When reading the design presented here, please remember that it is
impossible to get something perfect in subversion on the first try, and
attempting to nit pick this to death will not actually help anything,
but it would be very annoying. This is not to dissuade people from
suggesting design changes, but if you plan on suggesting a different
revision list format because you believe colon doesn't have a good level
of synergy with existing separators, or something, you may want to
rethink whether it really matters.

Some pre-notes:

One could also try to argue that we should start with exactly the same
cases svnmerge does (IE only allow merge info at the wc roots, only
store it on that directory, etc), with a nicer integrated interface, and
try to expand it from there. I am open to such an argument as well. :)

Anyway, on with the design.

Information storage

The first question that many people ask is "where should we store the
merge information" (what we store will be covered next).

After a large amount of research, the design I have come up with is
this:
A merge info property, named SVN_MERGE_PROPERTY (not the real name, I
have made it a constant so we can have a large bikeshed about what to
really call it) stored in the directory properties, and file properties.
Each will store the *full, complete* list of revisions that are directly
merged into the item. This ensures that the merge algorithm and other
consumers do not have to go through the same properties on old
revisions, in order to compute a complete list of merge information for
a directory.

Directly merged into the item means changes from any merge that have
affected this directory, which includes merges into parents,
grandparents, etc that had some affect on this directory.

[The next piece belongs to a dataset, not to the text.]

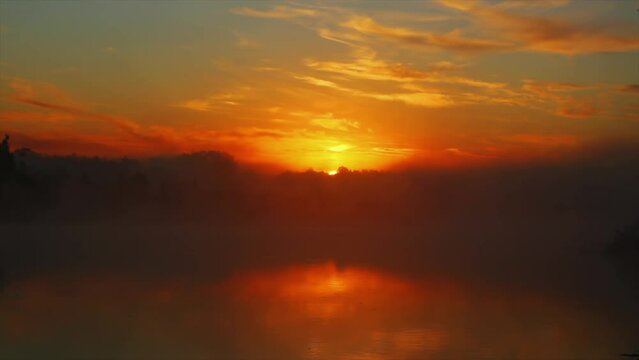 Landscape with sunrise cky over river at summer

Doing this storage of complete information at each point makes manual
editing safe, because the changes to a directory/file's merge info are
localized to that directory or file.

However, as a space optimization, if the information on a subdirectory
or file is exactly the same as the merge information for its parent
directory, it *may* be elided in favor of that parent information. This
eliding may be done on the fly, or as a postpass (i.e. a "svnadmin
mergeinfooptimize"). Eliding information means that an implementation
may have to walk parent directories in order to gather information about
merge info, however, this would have been necessary anyway to determine.
It is expected that directory trees are not that deep, and the lookup of
merge info properties quick enough (due to indexing, etc), to make this
eliding not affect performance.

Eliding will never affect the semantics of merge information, as it
should only be performed in the case when it was exactly the same, and
if it was exactly the same, it could not have had an effect on the merge
results.

Other than eliding, any directory or file may have merge info attached
to it.

The way we choose which of file and dir merge info to use in case
of conflicts simple system of inheritance[1] where the "most specific"
place wins. This means that if the property is set on a file, that
completely overrides the directory level properties for the directory
containing the file.

The way we choose which to store to depends on how much and where you
merge, and will be covered in the semantics.

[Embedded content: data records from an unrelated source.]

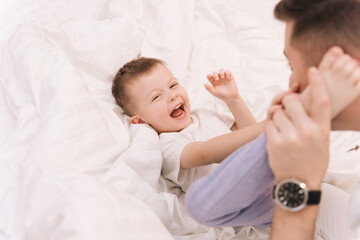 Young dad playing and laughing with his baby smiling son at home in bed in the bedroom, happy family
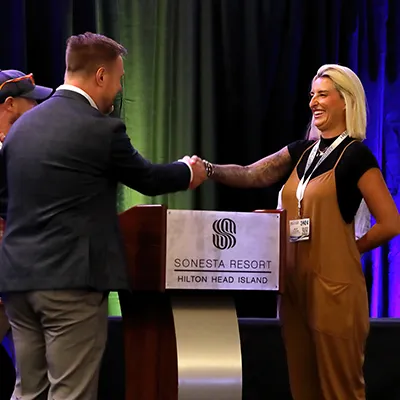 Woman on stage at an ABA conference
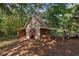 Small outbuilding with stacked wood and a covered area in a wooded, shady area at 6674 Cowan Mill Rd, Winston, GA 30187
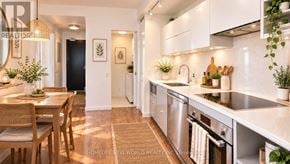Toronto (Waterfront Communities) condo for rent - A modern kitchen with stainless steel appliances and wooden chairs.
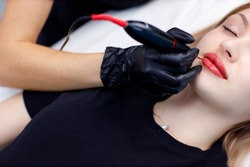 Cosmetologist applying pink pigment permanent tattoo on female lips with tatooing needle machine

The reasoning for this system is to avoid having to either copy info
everywhere, or crawl everywhere, in order to determine which revisions
have been applied. At the same time, we want to be space and time
efficient, so we can't just store the entire revision list everywhere.

As for what is stored:

For the large number of people i have talked to and heard about from
others, it seems the human editable *format* of how svnmerge stores
merge information (IE pathname and list of revisions) is fine. Binary
storage of such information would buy, on average, a 2-3 byte decrease
per revision/range in size over ascii[1], while making it not directly
human editable.

As such, i have chosen to represent the revisions we have merged *into*
something as a path, a colon, and then a comma separated revision list,
containing one or more revision or revision ranges. Revision range end
and beginning points are separated by "-".

So the grammar looks something like this

revisionrange -> REVISION "-" REVISION

revisioneelement -> revisionrange | REVISION

revisionlist -> (revisionrange | REVISION)(COMMA revisioneelement)*

revisionline -> PATHNAME@REVISION COLON revisionlist

top -> revisionline (NEWLINE revisionline)*

This merge history ("top"), existing on a file, dir or repo,
specifies all the changes that have ever been merged into this object
(file,
dir or repo) within this repository. It specifies the sources of the
merges,
(and thus two or more pathnames may be required to represent one source
object
at different revisions due to renaming).

This list will *not* be stored in a canonicalized minimal form for a
path (IE it may contain single revision numbers that could be ranges).
This is chiefly because the benefit of such a canonical format (slightly
easier *comparison*, but not indexing) is heavily outweighed by the fact
that generating a canonical form may require groveling through a lot of
information to determine what that minimal canonical form is. In
particular, it may be that the revision list "5,7,9" is, in minimal
canonical form, "5-9", because 6 and 8 do not have any affect on the
pathname that 5 and 9 are from.
Canonicalization could be done as a server side post pass because the
information is stored in properties.

Note that this revision format will not scale on its own if you have a
list of million revisions. None will easily. However, because it is
stored in properties, one can change the wc and fs backends to simply do
something different with this single property if they wanted to.
Given the rates of change of various very active repositories, this will
not be a problem we need to solve for many many years.

Information updating:
Each operation you can perform may update or copy the merge info
associated with a path, file, or revision.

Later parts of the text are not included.